Nasdaq’s contortions over stock weightings remind us to choose our indices carefully.
As my colleague Dave Nadig pointed out in his blog a couple of days ago, the compilers of the Nasdaq 100 index have got themselves in a muddle over stock concentration limits.
When the owners of the US stock exchange’s popular benchmark wanted to license it for use by exchange-traded fund providers back in the late 1990s — and, as Dave argues, which provider wouldn’t want to make money from his index in this way? — they faced a problem.
In order to keep an index-tracking ETF compliant with the US Internal Revenue Service’s diversification rules, which set a 25 percent upper limit for a single fund constituent, Nasdaq had to rejig its index rules, which until then had set stock weights according to company capitalisation. The reason? One stock — Microsoft — exceeded 25 percent of the benchmark back in 1998, and until they got its weighting down there was no way of launching an ETF on the Nasdaq 100 that wouldn’t be tax-disadvantaged.
The exchange/index compiler got around the problem by imposing “adjustment factors”. These cut Microsoft’s weighting to below 20 percent, reduced the weighting of other large-caps (defined as those representing more than 1 percent of the index at the time) by the same proportion, and also boosted the weighting of the smaller companies in the benchmark.
Now, thirteen years later, Nasdaq’s index committee faces a new problem. As a result of the stock’s underperformance, Microsoft’s index weighting has happily shrunk over the years, so the company no longer threatens to break the 25 percent limit. But a new tech stock darling, Apple, has reached over 20 percent of the Nasdaq 100 and is heading towards the weighting ceiling.
Furthermore, the index weightings are now far from being an accurate reflection of market capitalisation. As a result of the 1998 imposition of adjustment factors, Apple’s index weight was boosted from 0.4 percent to around 0.9 percent. At the end of 1998, Microsoft’s weight had been cut from an unadjusted 22.5% to an adjusted 14.5%.
But by mid-2010, Apple and Microsoft, while having similar capitalisations overall, represented 20 percent and 4.3 percent of the index, respectively, purely as a result of the adjustment factors that they’d inherited from the late 1990s. In fact Nasdaq’s description of its index as “modified capitalisation-weighted” didn’t make sense at all.
Recognising the new imbalance in the index make-up, Nasdaq announced on Tuesday this week that it will conduct an extraordinary rebalancing in early May to bring stock weights back into line with actual market capitalisations. Apple’s weight will fall from 21 percent to 12 percent, correcting the largest weighting skew.

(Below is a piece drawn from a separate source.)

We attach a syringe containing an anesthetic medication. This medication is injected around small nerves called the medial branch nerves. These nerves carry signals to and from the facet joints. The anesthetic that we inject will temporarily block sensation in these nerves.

If all this seems arbitrary and confusing, that’s because it is. The way this particular index has been managed reminds you of a boat’s helmsman who can’t steer. A steady hand on the tiller keeps the boat moving in the same direction and at full speed; wild oversteer takes you off course and loses you ground in a race.

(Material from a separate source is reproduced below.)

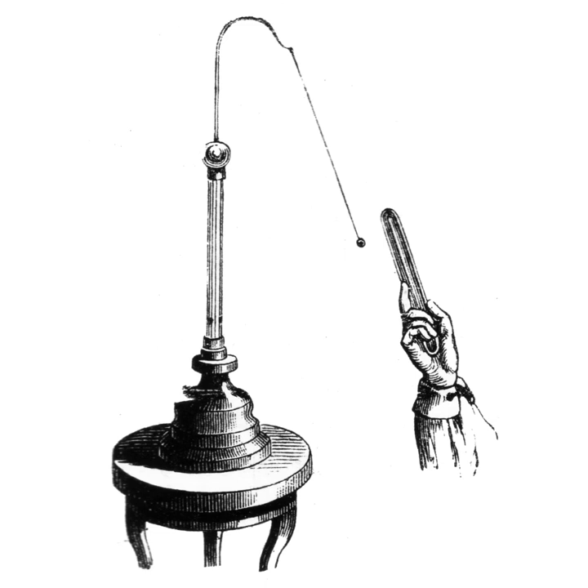Often the electroscope will have a pair of suspended pith balls. This allows one to tell at a glance whether the pith balls are charged. If one of the pith balls is touched to a charged object, charging it, the second one will be attracted and touch it, communicating some of the charge to the surface of the second ball. Now both balls have the same polarity charge, so they repel each other and hang in an inverted shape with the balls spread apart. The distance between the balls will give a rough idea of the magnitude of the charge.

Nasdaq is not the only culprit in offering a benchmark that seems poorly designed for use in stock selection. If you’re new to indexing, you may be surprised to find out that the membership criteria for companies entering the world-famous S&P 500 and Dow Jones Industrial Average indices are also highly subjective.
The Dow’s components are chosen by an “averages committee” comprised of the managing editor of The Wall Street Journal, the head of Dow Jones Indexes research and the head of CME Group research.
Selection for the S&P 500 is also at the discretion of an index committee, the goal of which is “to ensure that the S&P 500 remains a leading indicator of US equities, reflecting the risk and return characteristics of the broader large cap universe on an ongoing basis”.
According to one well-founded analysis of the S&P 500 index committee’s stock picking record, the committee members are subject to the same style biases and drift as the average active manager. They boosted the index’s weighting in tech stocks during the bubble of the late nineties, only to remove several of the same names shortly thereafter; and they relaxed a longstanding prohibition on including holding companies in 2001, allowing lots of real estate investment trusts to be added to the index during the greatest real estate bubble in US history.
This hasn’t stopped the index from being used as the underlying benchmark for the largest ETF in the world, the SPDR S&P 500 ETF (which, at the latest count, had US$94 billion under management).
But amid all the euphoria over passive investing and the exchange-traded fund market’s growth rates, when you’re selecting a tracker product it’s worth casting a very sceptical eye over the index being used.
Index providers will license any methodology for money, and exchange-traded product issuers will sell pretty much any concept that can gain assets. But investors should stick to indices that have objective and clearly understandable rules, and above all rules that make investment sense.